> _EXERCISE DATA_:

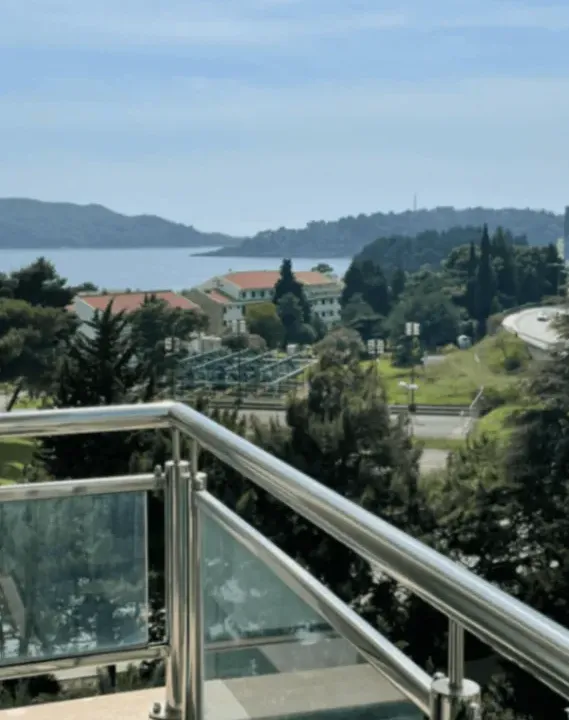 Rent, apartment, 73m², Bečići, Budva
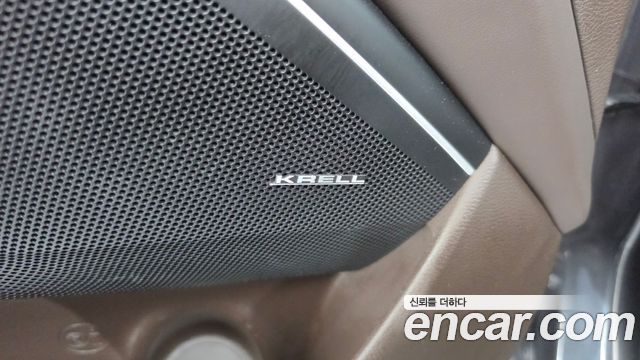 Kia K7 2017 — photo 32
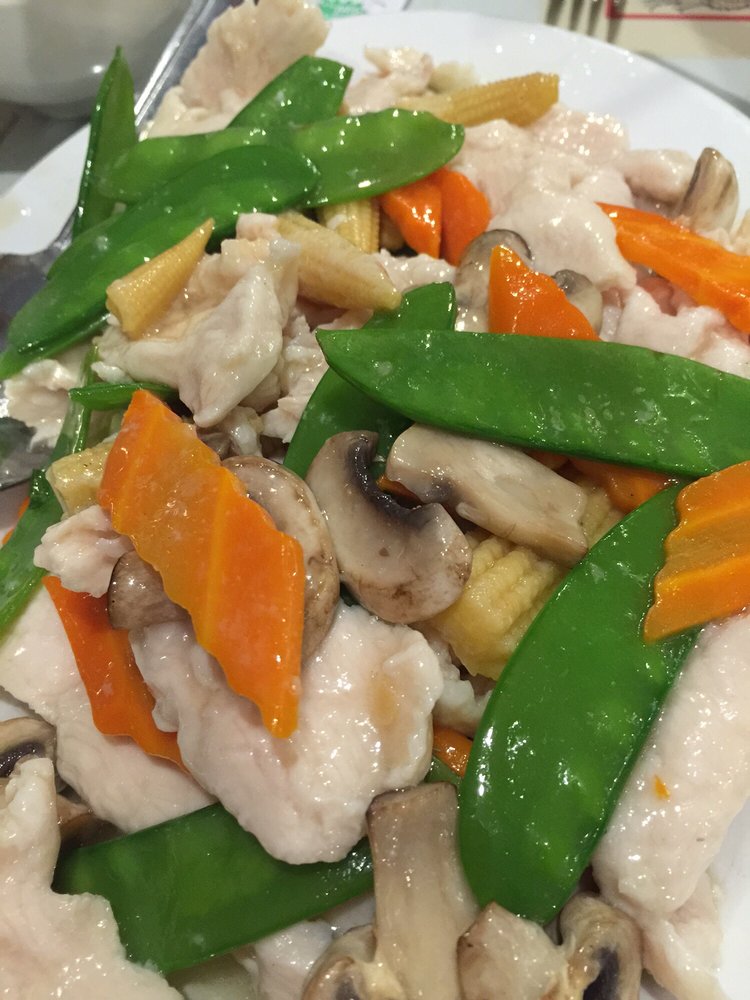 Hot Wok Cafe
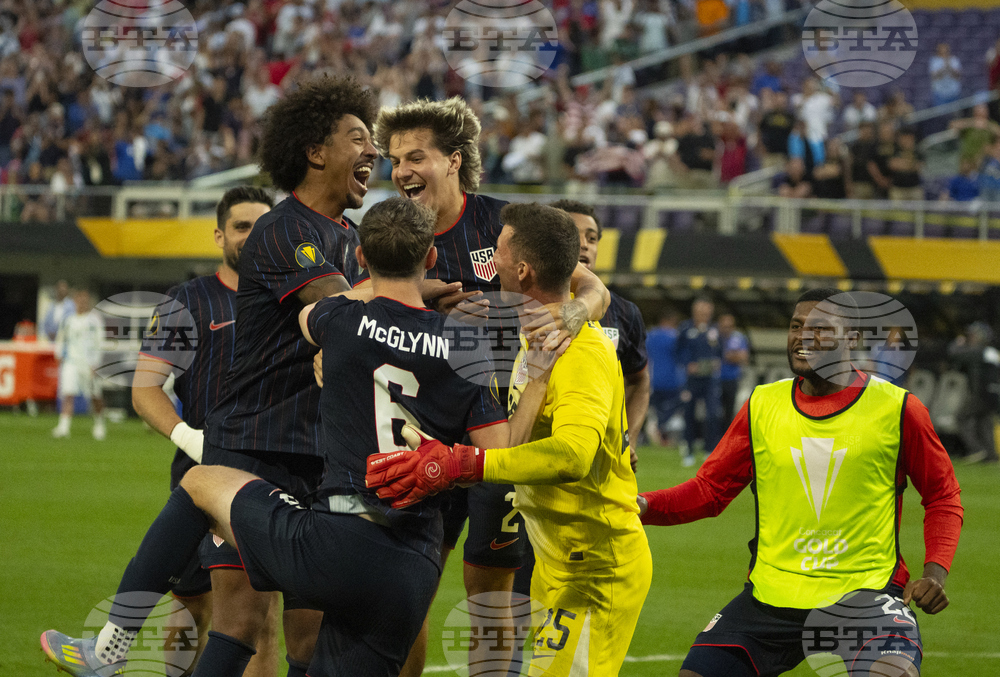 Gold Cup Costa Rica US Soccer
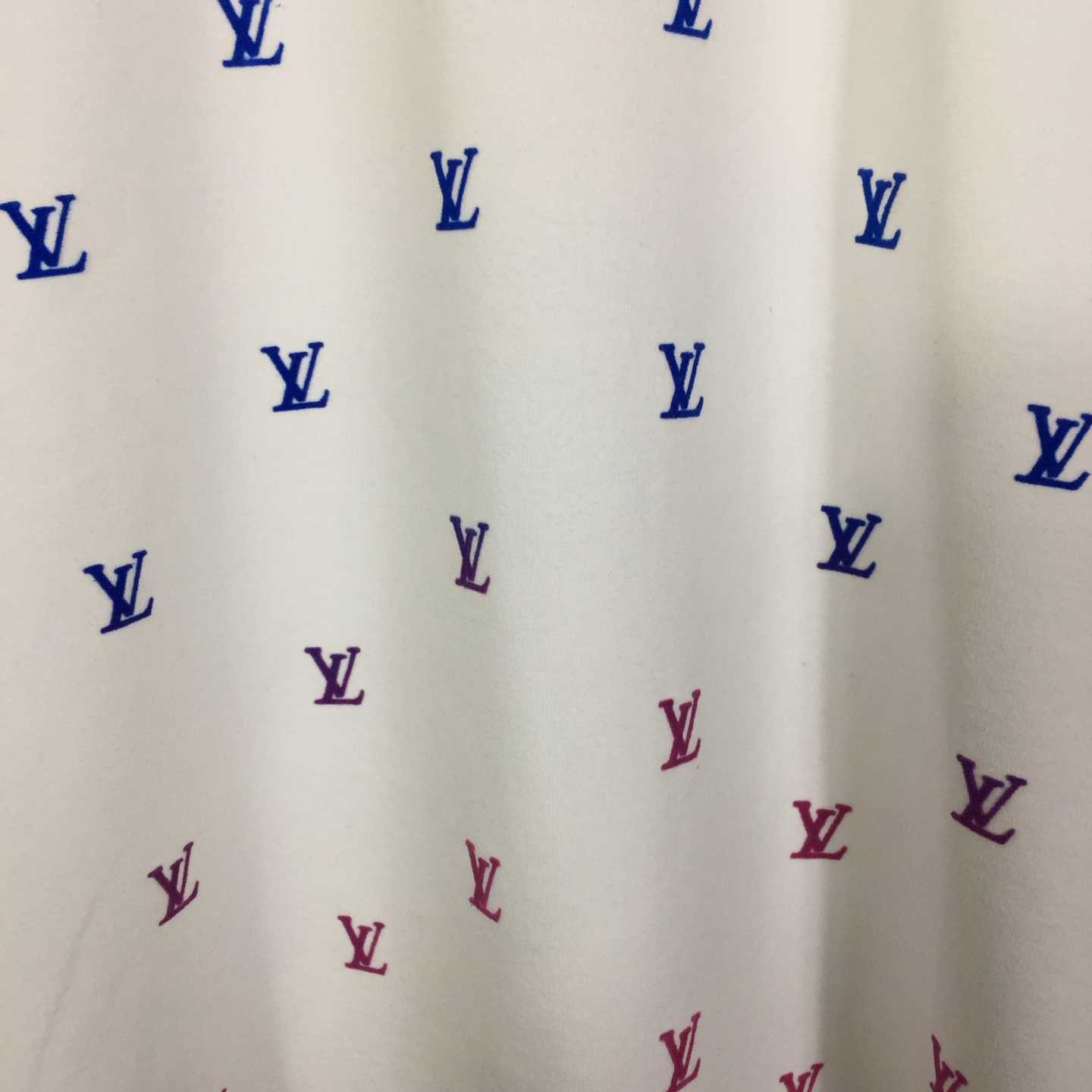 Louis Vuitton Monogram Cotton T-Shirt  - DesignerGu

> _PROBLEM DETAILS_:
Without including the pictures, return each record above exactly as it stands.

> _EXERCISE RESULT_:
 Rent, apartment, 73m², Bečići, Budva
 Kia K7 2017 — photo 32
 Hot Wok Cafe
 Gold Cup Costa Rica US Soccer
 Louis Vuitton Monogram Cotton T-Shirt  - DesignerGu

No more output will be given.